Bij evaluaties wordt een waardeoordeel uitgesproken over de effecten van
het beleid. Evaluaties zullen daarom worden uitbesteed aan
onafhankelijke onderzoeksbureaus.

4.4 Financiën

In tabel 1 staan de bedragen die de komende jaren voor het
bedrijfslevenbeleid en de topsectoren beschikbaar zijn. 

Tabel 1  Overzichtstabel bedrijfslevenbeleid en topsectoren (in €
miljoen in kasbedragen)	2012	2013	2014	2015	Budget

-houder

I Generiek

A. Ondernemerschap, innovatie en onderwijs





	Innovatiefonds MKB+	84	93	104	115	EL&I

RDA	250	375	500	500	EL&I/FIN

Aanvullend fiscaal innovatiepakket (RDA+/WBSO/KWR)	30	100	100	100
EL&I/FIN

Betatechniek	33	33	22	22	OCW

II Specifiek voor topsectoren

B. Kennis en innovatie

	NWO/KNAW aandeel topsectoren	90	175	260	350	OCW

Toegepast onderzoek (TNO, GTI’s, DLO)	200	215	230	250	EL&I, DEF

Bevorderen innovatiekracht topsectoren	150	145	139	90	EL&I

Profilering kennisinfrastructuur	50	50	50	50	OCW

C. Onderwijs en arbeidsmarkt





	Professionele masters	0	7	7	7	OCW

Centra voor Innovatief Vakmanschap	4	4	4	4	OCW/EL&I

D. Internationaal





	Internationaal ondernemen en ontwikkelingssamenwerking (Buza) 	200	235
270	300	BuZa

Internationaal ondernemen (EL&I)	10	10	10	10	EL&I

E. Specifieke bijdragen departementen





	VWS: Life Sciences & Health/zorg	106	85	74	49	VWS

EL&I: Energie-innovatie 	81	100	90	101	EL&I

EL&I: Voeding + tuinbouw	30	35	40	50	EL&I

I&M: Logistiek	9	19	17	25	I&M

I&M: Water	12	13	13	25	I&M

OCW: creatief	0	11	11	11	OCW

Defensie	20	20	20	20	DEF

Totaal	1359	1725	1961	2079

	

Een aflopend deel van de middelen, met name in de eerdere jaren, is
gekoppeld aan lopende programma’s en bestaande instellingen. Deze
lopende programma’s worden zoveel mogelijk ingezet en/of aangepast
voor de topsectoren. Dit gebeurt in overleg met de topteams, onder meer
in het kader van de innovatiecontracten.
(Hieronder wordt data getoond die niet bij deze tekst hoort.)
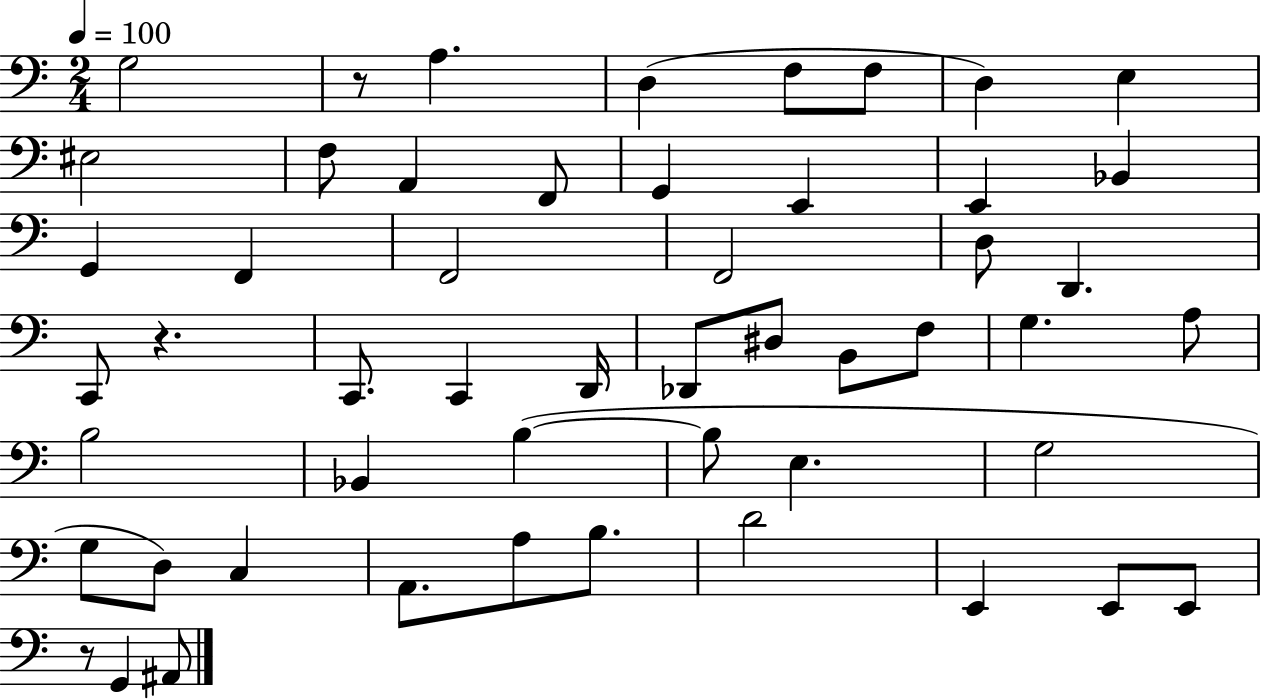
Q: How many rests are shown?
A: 3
Deze programma’s hebben deels
betrekking op FES gelden voor TTI’s en PPS consortia, waarvan de
topteams hebben aangegeven dat deze aansluiten op de agenda’s.

Het kabinet verwacht van de private partijen een forse inspanning. In de
agenda’s is al een behoorlijk privaat commitment uitgesproken. Dit
commitment zal de komende tijd, onder meer in het kader van de
innovatiecontracten, hard moeten worden gemaakt. Daarnaast zullen andere
partijen zoals decentrale overheden, universiteiten, scholen en
maatschappelijke organisaties een bijdrage leveren en zullen Europese
middelen worden benut. Het bedrag dat de decentrale overheden zullen
investeren bedraagt de komende jaren cumulatief circa € 3 miljard.

Voor verschillende acties uit de agenda’s doet het kabinet in deze
brief concrete toezeggingen of reserveringen. Deze zijn in de voorgaande
hoofdstukken benoemd. Deze toezeggingen of reserveringen worden uit de
middelen uit de bovenstaande tabel gefinancierd of uit andere
begrotingsartikelen van de betrokken departementen. Op de besteding van
de overige middelen wordt hieronder verder ingegaan. 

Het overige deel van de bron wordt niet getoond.